Some e-learners may not know why they need to acquire new knowledge; especially, if the course is a required course within their educational program. The instructor should get to know the student and then let them know how information in the course can be applied to situations within their family, career, or community. It is up to the instructor to make the information relevant for the learner. If an instructor is unable to do this, the student may cease to participate in the class. ..
Engaging adult learners require instructors to understand e-learners and the devices they use to engage them, their classmates, and course content. Self-teaching, which is one concept of self-directed learning, assumes that adult learners will take ownership of their learning (Knowles, Holton, & Swanson, 2005). An engaging instructor considers e-learners’ experiences and knowledge with the subject matter as well as devices used by them to engage their instructor, classmates, and course content (Smith, 2015).

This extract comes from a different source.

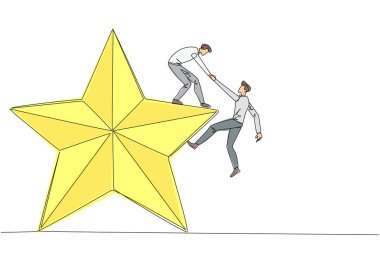 Tek sıra çizen işadamı, meslektaşının büyük yıldıza tırmanmasına yardım ediyor. Birlikte başarı hayallerine ulaşmanın metaforu. Kariyerin için iyi bir pozisyon. Devamlı çizgi tasarımı grafik çizimi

For example, an e-learner who is experienced with the subject matter and e-learning devices will become frustrated by a lot of direction from the instructor. An e-learner who is inexperienced with the subject matter and e-learning devices will need lots of direction from the instructor. An engaging online instructor will not frustrate learners; but support learners that need help with the subject or the e-learning environment.
Engaging instructors communicate with individuals, groups in the class with similar needs, and the entire class to encourage learner interaction. They engage learners using e-mails, instant messaging, video or audio conferencing, and discussion boards. Engaging instructors respond to asynchronous inquiries within 24 hours.
Adult learners are busy people. They may have a job, family, community, and religious activities competing for their attention. Helping e-learners prioritize their activities by providing guidelines on how to manage their time will promote classroom interaction. Scheduling teaching moments around lunch time or after work will make it easier for e-learners to attend live chats. Providing a method for e-learners to contribute to live chats via asynchronous modules will keep them engaged as well.
Engaging instructors and facilitators monitor and actively participate in synchronous and asynchronous learning modules. Engaging instructors provide e-learners the amount and kind of interaction they need. Engaging instructors respond to e-learners within 24 hours. E-learners will engage with instructors at a time that is convenient for them and if they feel the course information is important and relevant.
Let me know if you have any questions about engaging learners.
Knowles, M. S., Holton III, E. F., & Swanson, R. A. (2005). The Adult Learner (6th ed.). Burlington, MA: Elsevier.
Smith, B. (2015). Engaging adult learners using e-learning technologies. Saarbrucken, Germany: Scholar’s Press.